• _Directions_
Where the line containing "Hire Motorboat Jeanneau" appears below, start there and repeat each line exactly to the end. Leave the pictures out.

• _Input data_
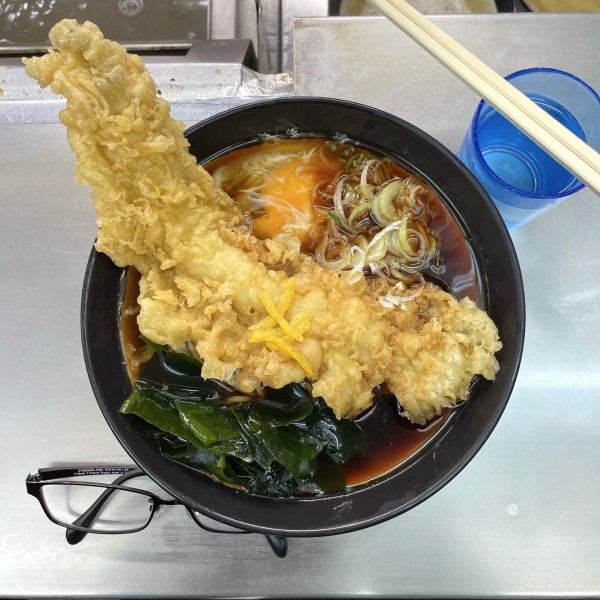 「温 穴子天そば」@日栄軒の写真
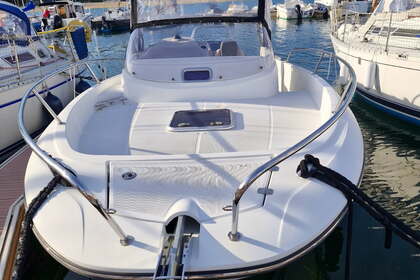 Hire Motorboat Jeanneau Cap Camarat 7.5 Wa Brest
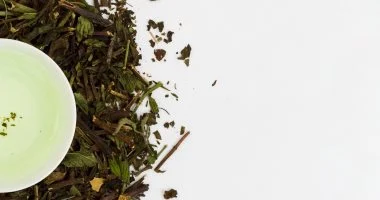 لإشراقة خريفية آسرة اصنعي تونر الشاي الأخضر لبشرة نضرة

• _Exercise response_
 Hire Motorboat Jeanneau Cap Camarat 7.5 Wa Brest
 لإشراقة خريفية آسرة اصنعي تونر الشاي الأخضر لبشرة نضرة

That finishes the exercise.